Possibly related to the oddball effect, research suggests that time seems to slow down for a person during dangerous events (such as a car accident, a robbery, or when a person perceives a potential predator or mate), or when a person skydives or bungee jumps, where they're capable of complex thoughts in what would normally be the blink of an eye (See Fight-or-flight response). This reported slowing in temporal perception may have been evolutionarily advantageous because it may have enhanced one's ability to intelligibly make quick decisions in moments that were of critical importance to our survival. However, even though observers commonly report that time seems to have moved in slow motion during these events, it is unclear whether this is a function of increased time resolution during the event, or instead an illusion created by the remembering of an emotionally salient event.

A strong time dilation effect has been reported for perception of objects that were looming, but not of those retreating, from the viewer, suggesting that the expanding discs — which mimic an approaching object — elicit self-referential processes which act to signal the presence of a possible danger. Anxious people, or those in great fear, experience greater "time dilation" in response to the same threat stimuli due to higher levels of epinephrine, which increases brain activity (an adrenaline rush). In such circumstances, an illusion of time dilation could assist an efficacious escape. When exposed to a threat, three-year-old children were observed to exhibit a similar tendency to overestimate elapsed time.

Research suggests that the effect appears only at the point of retrospective assessment, rather than occurring simultaneously with events as they happened. Perceptual abilities were tested during a frightening experience — a free fall — by measuring people's sensitivity to flickering stimuli. The results showed that the subjects' temporal resolution was not improved as the frightening event was occurring. Events appear to have taken longer only in retrospect, possibly because memories were being more densely packed during the frightening situation.

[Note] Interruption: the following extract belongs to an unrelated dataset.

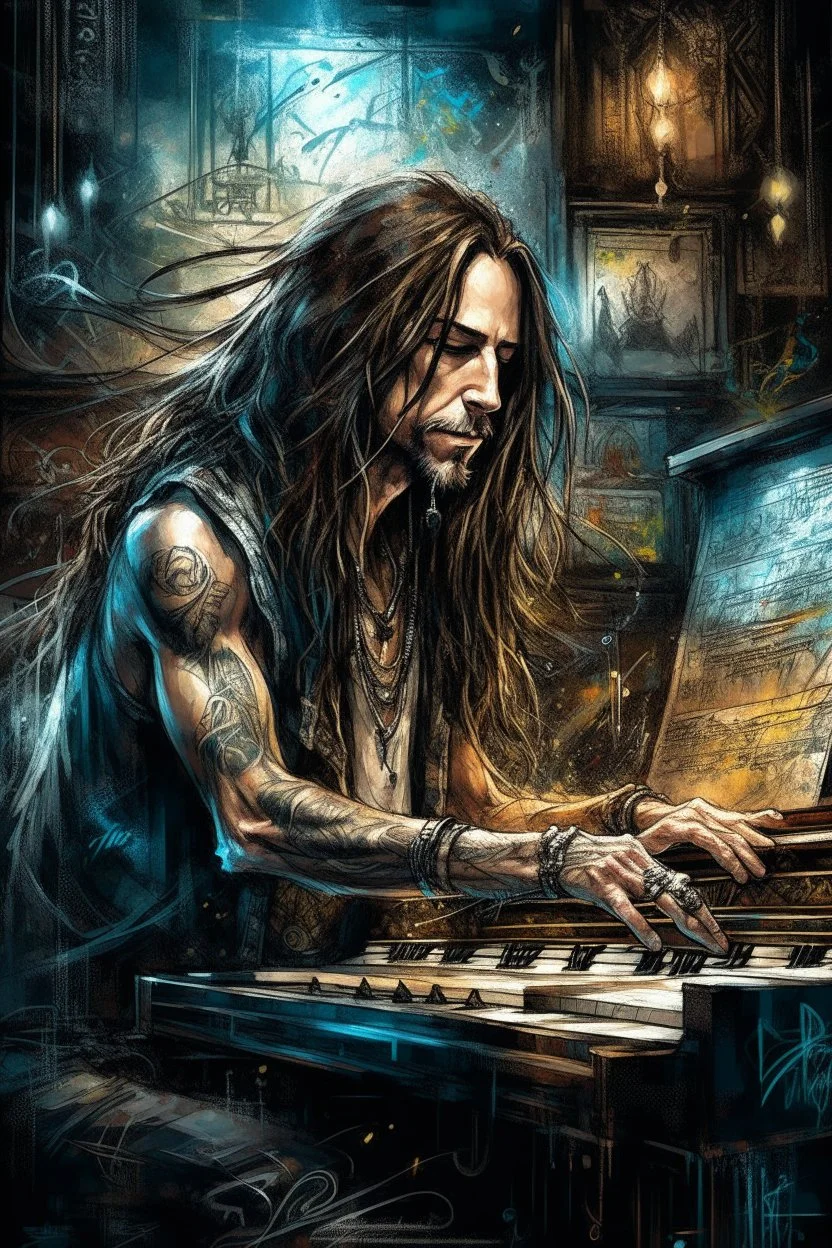 A ultra realistic poster of a rock and roll tattooed long hair guy playing the piano , having word sign as “street art ”, by Daniel Castan Carne Griffiths Andreas Lie Russ Mills Leonid Afremov, black background, fine lines draw, smile, standing in the temple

People shown extracts from films known to induce fear often overestimated the elapsed time of a subsequently presented visual stimulus, whereas people shown emotionally neutral clips (weather forecasts and stock market updates) or those known to evoke feelings of sadness showed no difference. It is argued that fear prompts a state of arousal in the amygdala, which increases the rate of a hypothesized "internal clock". This could be the result of an evolved defensive mechanism triggered by a threatening situation.

Empathy

The perception of another persons' emotions can also change our sense of time. The theory of embodied mind (or cognition), caused by mirror neurons, helps explain how the perception of other people's emotions has the ability to change one's own sense of time. Embodied cognition hinges on an internal process that mimics or simulates another's emotional state. For example, if person #1 spends time with person #2 who speaks and walks incredibly slowly, person #1's internal clock may slow down.

Depression

Depression may increase one's ability to perceive time accurately. One study assessed this concept by asking subjects to estimate the amount of time that passed during intervals ranging from 3 seconds to 65 seconds. Results indicated that depressed subjects more accurately estimated the amount of time that had passed than non-depressed patients; non-depressed subjects overestimated the passing of time. This difference was hypothesized to be because depressed subjects focused less on external factors that may skew their judgment of time. The authors termed this hypothesized phenomenon "depressive realism."

Changes with age

Psychologists have found that the subjective perception of the passing of time tends to speed up with increasing age in humans. This often causes people to increasingly underestimate a given interval of time as they age. This fact can likely be attributed to a variety of age-related changes in the aging brain, such as the lowering in dopaminergic levels with older age; however, the details are still being debated.[58][59][60] In an experimental study involving a group of subjects aged between 19 and 24 and a group between 60 and 80, the participants' abilities to estimate 3 minutes of time were compared. The study found that an average of 3 minutes and 3 seconds passed when participants in the younger group estimated that 3 minutes had passed, whereas the older group's estimate for when 3 minutes had passed came after an average of 3 minutes and 40 seconds.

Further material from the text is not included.